24 марта 1979 г. (Ленинград, 193167, п/я УС 20/12, Режимное отделение). С 19-го лагпункта я выехал в понедельник 19 марта, а под утро 24-го поступил сюда. Мне бы хотелось, конечно, скинуть то незримое бремя, что легло на меня в июне 1977 года, от которого я весь какой-то вялый, побитый и усталый.

9 апреля. (Ярославль, п/я ИЗ —721). Итак, я пробыл в ленинградской больнице 10 дней и 3 апреля убыл. Врач-терапевт Вера Николаевна сказала мне еще 27 марта (на основании рентгеновских снимков, сделанных накануне), что у меня сухой плеврит. В прошлом было воспаление плевры, а теперь вот остаточные явления и вызывают повышенную температуру (т. к. не залечили вовремя и они не рассосались).

7 июня 1979 г. (пос. Лесной, 385/19). 4 мая я вернулся из ленинградской больницы. Туда ехал несколько дней (с 19 по 24 марта), обратно – месяц (с 3 апреля по 4 мая)… Наверное, ты слышала, что несколько человек, в т. ч. Эдик Кузнецов, Алик Гинзбург и др., освободились. Правда, освободились несколько необычным способом – с выдворением. Эдуарду еще оставалось 6 лет, Гинзбургу – тоже. Настроение мое, как всегда, ровное и среднеоптимистическое.

29 июля.
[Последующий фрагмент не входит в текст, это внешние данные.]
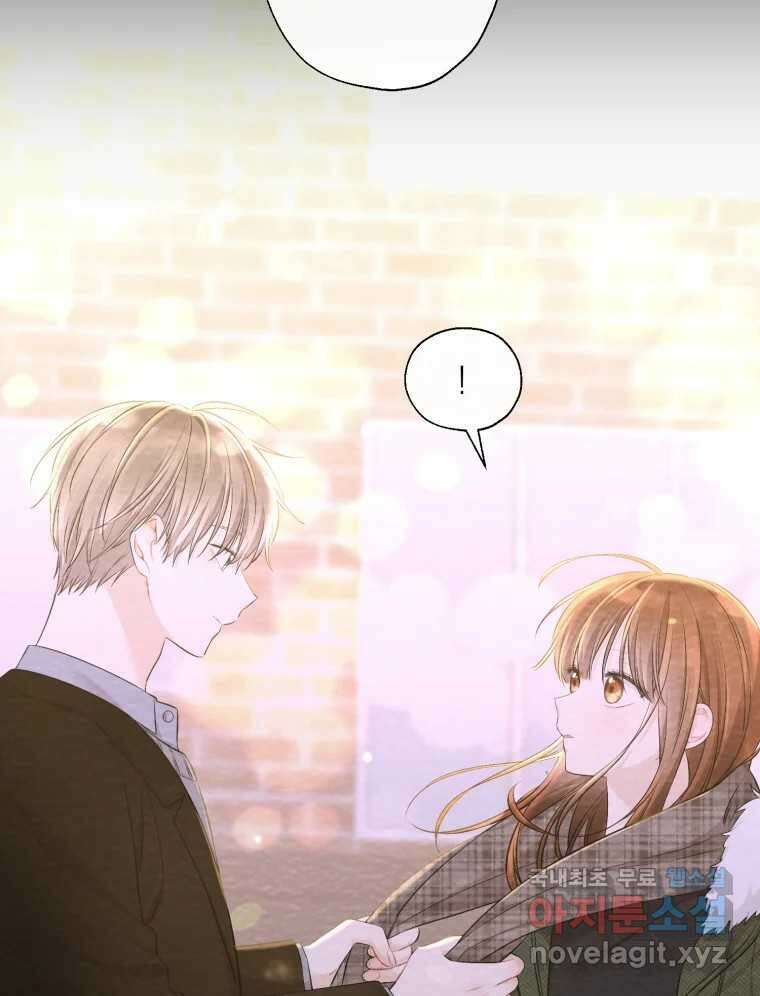 너를 만나다 122화 76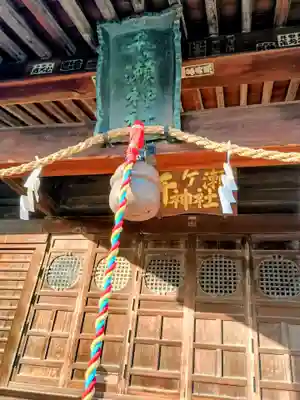 千ケ瀬神社(東京都)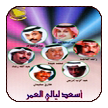 Asaad Layali Al Omer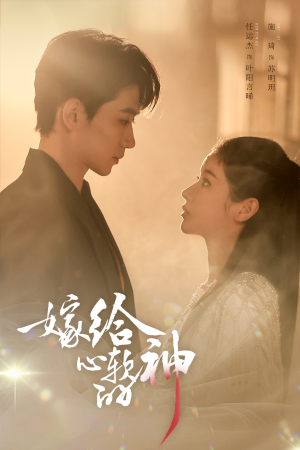 嫁给心软的神（59集）看一段就想看完的短剧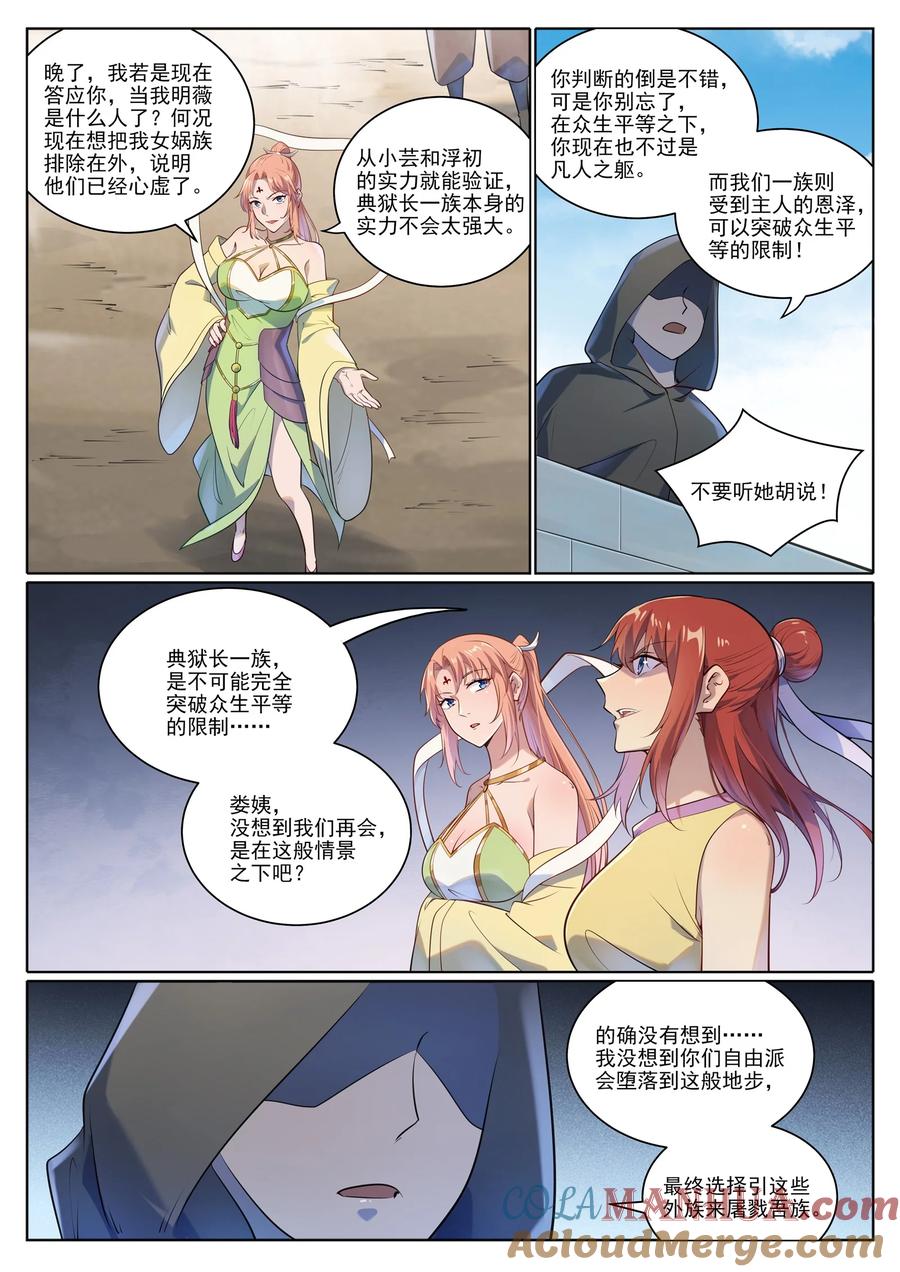 百炼成神 第1013回 潜行暗杀 第15页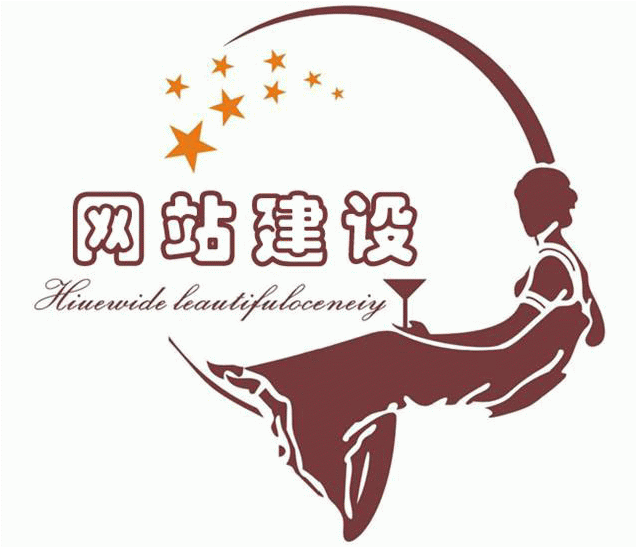 網(wǎng)站建設意識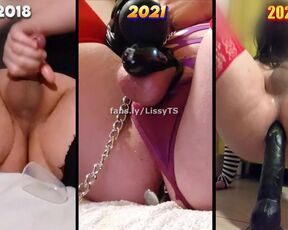 Whiteboy Evolution 2018 vs 2024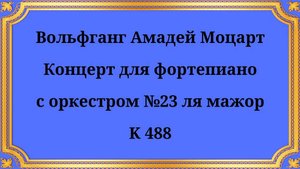 Вольфганг Амадей Моцарт Концерт для фортепиано с оркестром №23 ля мажор, K 488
В июне я написал академику Шафаревичу, и, судя по уведомлению, он мое письмо получил. 27 июля я лишен «очередного свидания».

12 сентября. С 10 августа работаю снова там, где работал в прошлом июле – сентябре, вернувшись из Барашево. (Т. е. маляром, помощником опытного отделочника Рысина). 2 августа снова приезжал следователь из Владимира. Правда, на этот раз другой (не Плешков)… Все время, свободное от работы и сна, посвящаю чтению. Информации (исторической, экономической, философской, научной и т. п.) так много, а времени так мало, что за шорохом страниц и потоком идей и фактов не замечаешь недель и суток.

(Примечание. Деньги, которые в это время стали высылать в лагерь политзаключенным из фонда Солженицына, ни на что не разрешалось тратить, кроме подписки на журналы. Поэтому выписывал я в этот период много. До сих пор вспоминаю то удовольствие, когда, утомленный работой, возвращаешься в барак и видишь на койке свежий номер «Вопросов истории» или «Военно-исторический журнал».)

24 октября 1979 г. (пос. Барашево, зона 3–5). В пятницу 19 октября я переехал (т. е. меня этапировали) на новое место, в ИТУ 3–5 при поселке Барашево, Теньгушевского района… я был здесь в 1976 году, с 20 августа по 28 января (77-го). Больница теперь рядом, по соседству.

17 декабря. С 8 по 11 декабря у меня было личное свидание с Валей. Впервые за пять лет я получил трое суток. Первое свидание длилось сутки (август 1976 г.), второе – двое суток (февраль 1978 г.) и вот третье – трое. Такая получилась арифметика.